=== Section Start ===
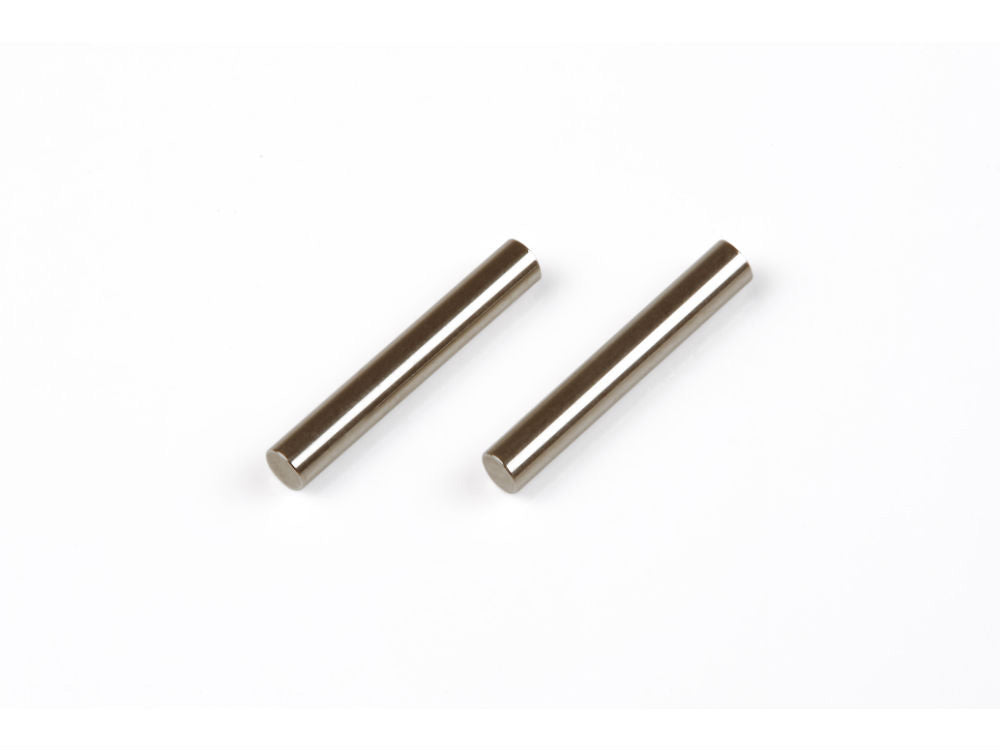 Fluorine Coated Gear Shaft (Straight, 2pcs.)
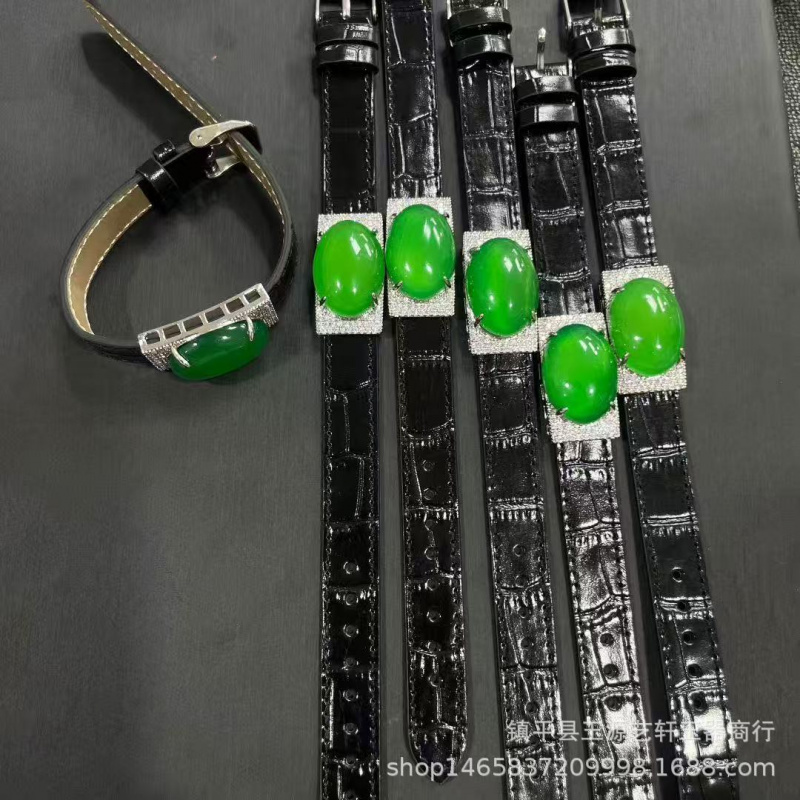 Bracelet haut naturel plaqué a - Fine Jewelry Watches Women avis et prix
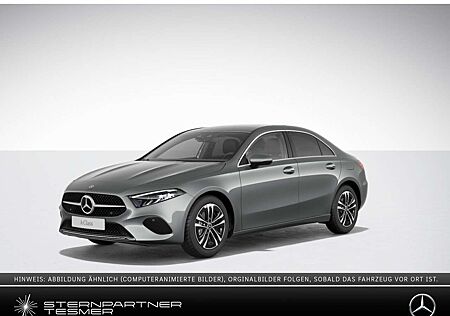 Mercedes-Benz A 200 Limousine PROGR+KAM+LED+AMBI+DIST+PANO+AHK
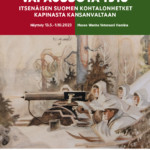 Vapaussodan laaja näyttely aukeaa Wanhassa Veteraanissa 13.5.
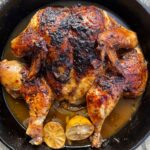 Tajín Lime Chicken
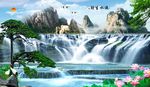 流水生财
=== Section End ===
* _TASK TO CARRY OUT_
In your copy, include no pictures, but reproduce all records exactly.

* _WRITTEN REPLY_
 Fluorine Coated Gear Shaft (Straight, 2pcs.)
 Bracelet haut naturel plaqué a - Fine Jewelry Watches Women avis et prix
 Mercedes-Benz A 200 Limousine PROGR+KAM+LED+AMBI+DIST+PANO+AHK
 Vapaussodan laaja näyttely aukeaa Wanhassa Veteraanissa 13.5.
 Tajín Lime Chicken
 流水生财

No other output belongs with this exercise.